Few days ago, i was shocked to see a catepillar in my ghost mantis cage ( i only use fake leaves), but after second look, i realized it was just a ghost ootheca that appeared to be some kind of catepillar. (another ooth at the back appear to be normal) My son name the ooth as "Transformer oothecae" :lol: and now he is hoping to see some "transformer" ghost nymphs :lol: 







But later i found a dismembered adult male at the bottom of the cage, i am sure one of the hungry female did it.... bummer  he was still moving when i removed the body.


----------



## Asa (Jul 20, 2007)

Oh gross...

Sorry about your luck...


----------



## OGIGA (Jul 20, 2007)

Poor guy. I think the female ate the wrong end though.


----------



## Ian (Jul 20, 2007)

Excellent looking ooth Yen! I can see why you were stumped by that one


----------



## buddhistsoldier88 (Jul 21, 2007)

i thought ghosts could live together in peace?


----------



## chris hill (Jul 23, 2007)

i keep my 2 adult females together and everythings fine between them. i have a male that has been adult for 3 weeks now and the 2 females for 2 weeks when and how should i try breeding them. its my first time. :?


----------



## Asa (Jul 23, 2007)

dun dun dun!

http://mantidforum.com/forum/viewtopic.php?t=7112


----------



## chris hill (Jul 23, 2007)

it should be DUM DUM DUM! for me lol. thanks for that. i will try that in a week or so and let you know how it went.


----------



## yen_saw (Jul 24, 2007)

> i thought ghosts could live together in peace?


Yes they do live together alright , but adult female killing male is not unheard of. Howveer, all adult females are doing alright together for me.


----------



## Rob Byatt (Jul 25, 2007)

Adult females will eat males if given the opportuntity. Same s.e.x _P. paradoxa _ will co-habit, but not for the same reasons that _Gongylus gongloides_ will. _P. paradoxa _ hardly moves at all, so in effect, individuals are more or less invisible to others in the cage.

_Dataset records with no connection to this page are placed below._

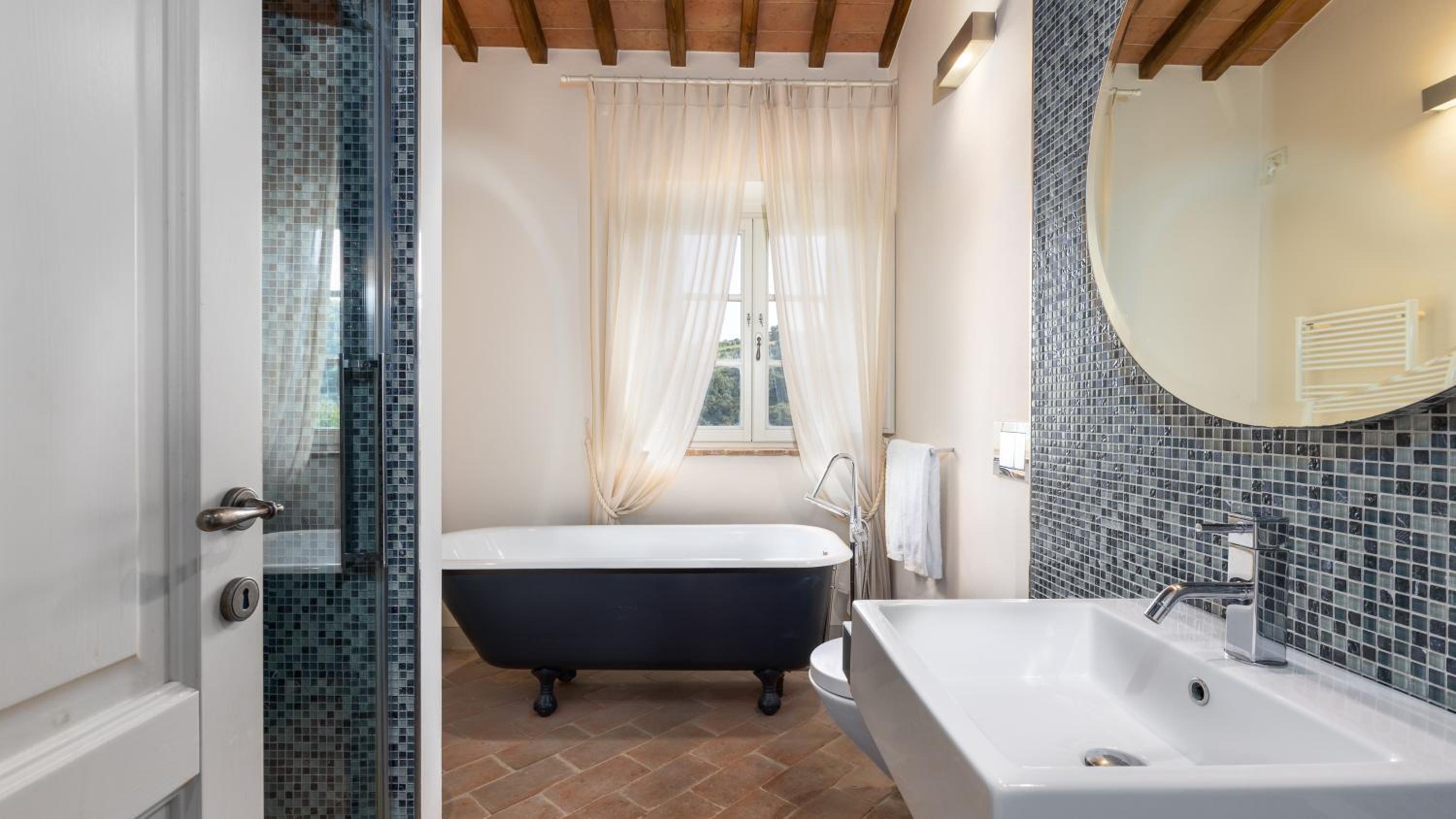 Seven-Bedroom Villa photo 1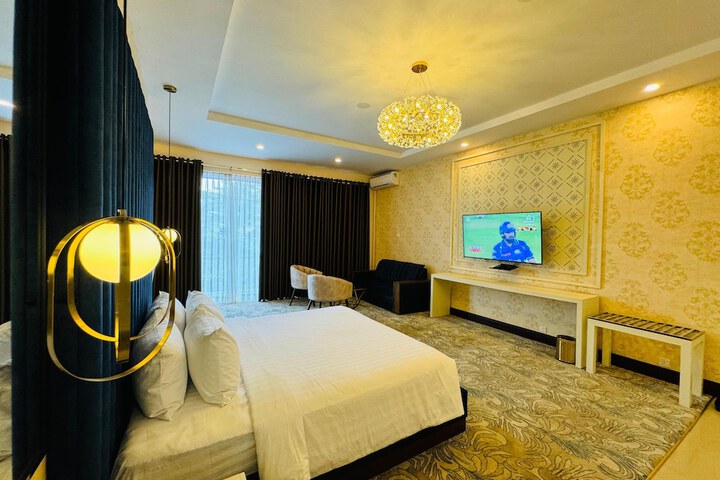Room 12 of 35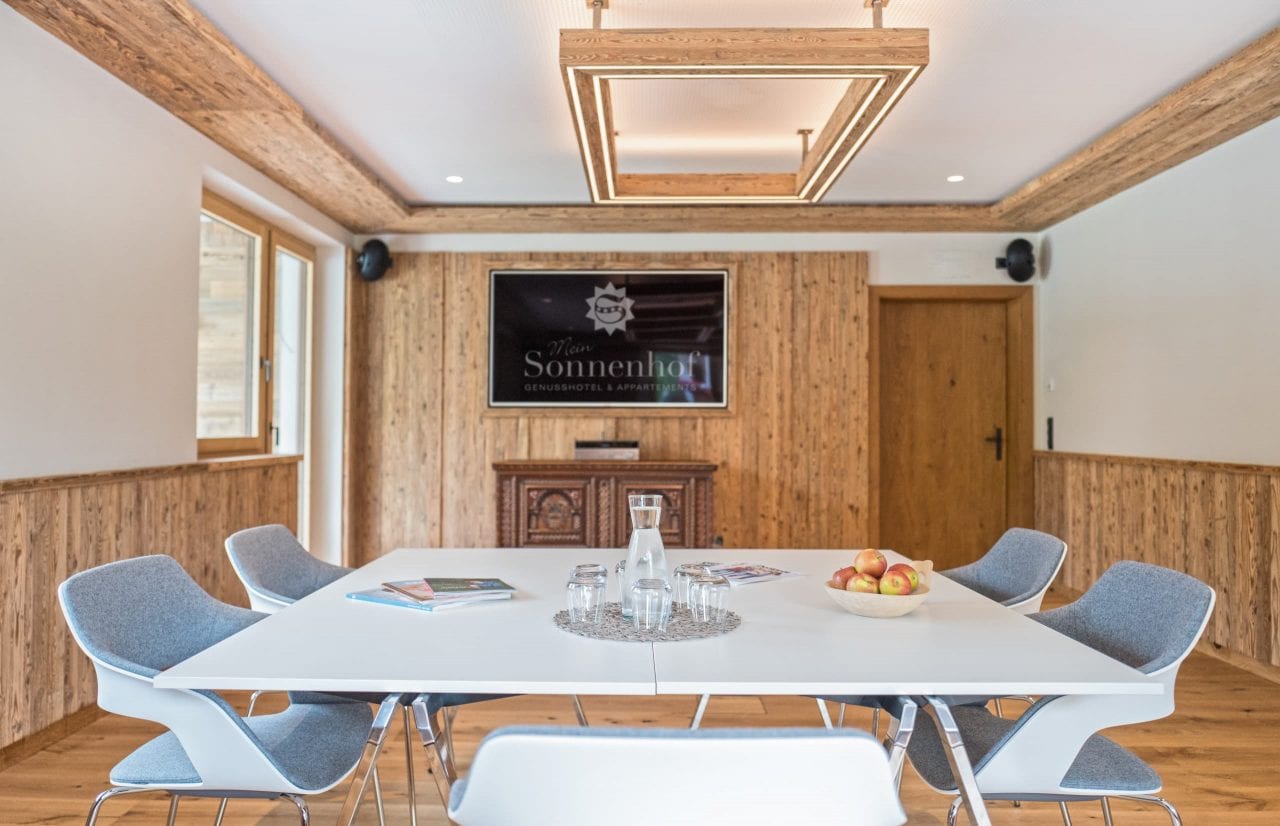 Moderne Besprechungsraum im Sonnenhof Hotel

Male are obviously a different story.

Rob


----------



## nepenti (Jul 27, 2007)

Those transformers are always peaceful if they have many flying insects inside the cage. I always leave a bunch of puppae inside and flies are hatching every day so all mantids are not hungry. My 2 pairs made 11 Ooths! One was even 9cm long! Of course the most part was much smaller, but it is the best result for me till now.


----------



## yen_saw (Jul 27, 2007)

9 cm long is the longest i have ever heard :shock: !! the longest i have is about 6 cm, but it only hatched out like 15 nymphs. This morning i have one ghost ooth at barely 1 inch long, hatching out 30 nymphs as i type right now.


----------